Watercolour Supplication

In 1997 our family moved from cosmopolitan Sydney to the mining town of Kalgoorlie (population 30,000) in inland Western Australia.  Nine and a half months later we moved on from Kalgoorlie to Perth – where we still live.  I was happy to find myself in the city of Perth, however two major moves within 12 months resulted in a wicked dose of transplant shock.  All my art ideas dried up.    I was floating in Art Purgatory.    While flailing around searching for a lifeline, I took up watercolours and simply went outside to paint – en plein air.  No cameras, no grids, no tracing; just the tools of own eyes and hands.

Here are a few watercolours from that period.  I see them as transitional works spanning the time when I was suffering from visual artist’s version of “writer’s block”.  It was necessary to return to direct observation of surroundings; rather like going back to basics.

View from Pier Street watercolour 1998

View from Pier Street

“View from Pier Street” was painted while I was perched on a concrete step at the bottom of an East Fremantle street.

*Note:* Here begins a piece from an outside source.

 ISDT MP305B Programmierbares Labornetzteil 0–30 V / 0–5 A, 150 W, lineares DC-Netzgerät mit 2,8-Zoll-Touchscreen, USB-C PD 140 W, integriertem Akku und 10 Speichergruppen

Beyond where I sat was Riverside Drive, Swan river and the banks of North Fremantle on the far shore.  I didn’t use watercolours in a classical way as I’ve never learned to use watercolour properly.  Instead I was sort of drawing with paint.

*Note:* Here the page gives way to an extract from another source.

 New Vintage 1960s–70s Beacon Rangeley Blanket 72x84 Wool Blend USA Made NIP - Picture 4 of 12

Fremantle-on-Canning watercolour 1999

watercolour 1999

“Fremantle-on-Canning” was painted from my parked car while Lucy was at kindergarten.  The good thing about using watercolours this way was that I could complete a painting in one session of 60 to 90 minutes.  I didn’t have the luxury of time to muck around.

Albany Morning watercolour 1999

Albany Morning

“Albany Morning” was painted while we were on holiday in a town about five hours drive south of Perth.  Albany is a quaint port town and has a slightly New Zealand feel about it.  I got up early to paint while the rest of the family slept.  It was a still, cold, frosty autumn morning.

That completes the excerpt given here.